The chief said he met with family members, apologized and assured them the department would repair all damage to the home.
The woman’s adult son, Raymond Zaelit, told The Salt Lake Tribune that a police officer pointed a gun at her, then asked if she had a gun or drugs. His mother, who was home alone, answered no to both.
“She was petrified. She didn’t know what to think,” Zaelit said. “This was traumatizing for her.”
Stephen Cook, an attorney representing the woman and her family, told the Deseret News that they remain focused “on helping her deal with the consequences of the traumatic incident.”
The family is reviewing the official account of the events provided Friday by police and will make a statement when appropriate, Cook added.

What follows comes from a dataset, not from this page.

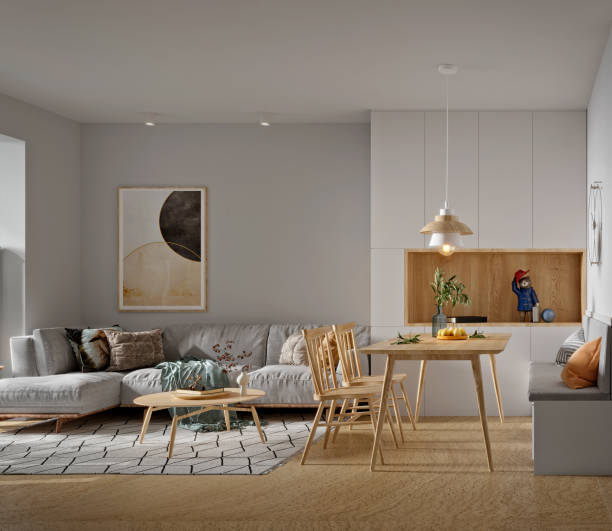 istock 3d render of living room and dining space 2174174977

Paul Fracasso, a next-door neighbor of the woman, watched as police raided the wrong home.
“I saw them going through the door, crashing through the door,” he recalled. “There were guns and flashlights going everywhere, (and police) telling them: ‘Get down. Get down. Get down.’”
Fracasso said he knew immediately that police had made a mistake.
“I knew they were there for no reason,” he said. “She’s a sweet old lady, just like my grandma. I think they should have done their homework. I can’t believe it actually happened.”
Burbank declined to comment on the actual target of the warrant other than to say it was “very close” to the woman’s home. Detectives did not go there after the erroneous search, feeling they had lost the element of surprise, the chief said.
This raid is “yet another example of poor muzzle discipline, and the incident may have included poor trigger discipline. When anyone who doesn’t happen to be a law enforcement officer does something like this, it’s called trespassing, brandishing a firearm, and assault with a deadly weapon (a felony offense that generally includes ”the intentional creation of a reasonable apprehension of imminent bodily harm”). And bodily harm often does result, as with the case of Mr. Eurie Stamps, prone on the floor after his home had been mistakenly invaded, and who was shot dead by an officer who had his finger on the trigger of his weapon and stumbled, firing as a sympathetic muscle reflex.
I’ve also remarked that based on my own friends who are law enforcement officers, one who is a Captain and who has effected hundreds of felony arrests, it just isn’t that difficult to ensure safety. A little OC spray makes the worst offenders very compliant while officers maintain stand-off distance. Furthermore, a little investigative work goes a long way. Stake out a home, effect the arrests in driveways, ensure that it’s the correct address, and so on.
It’s not only the reasonable and sensible thing to do, it’s the moral approach. Invading homes (when as far as the homeowner knows, the invader is posing as a LEO and intends his family harm) is the immoral approach, and pointing weapons at women and children is the behavior of cowards.”
It will continue as long as the courts defend these tactics, or as long as we tolerate judges exonerating such behavior, and as long as we hire LEOs who want to do this, and as long as we elect city councils and county commissioners who back this kind of behavior with policy statements and money.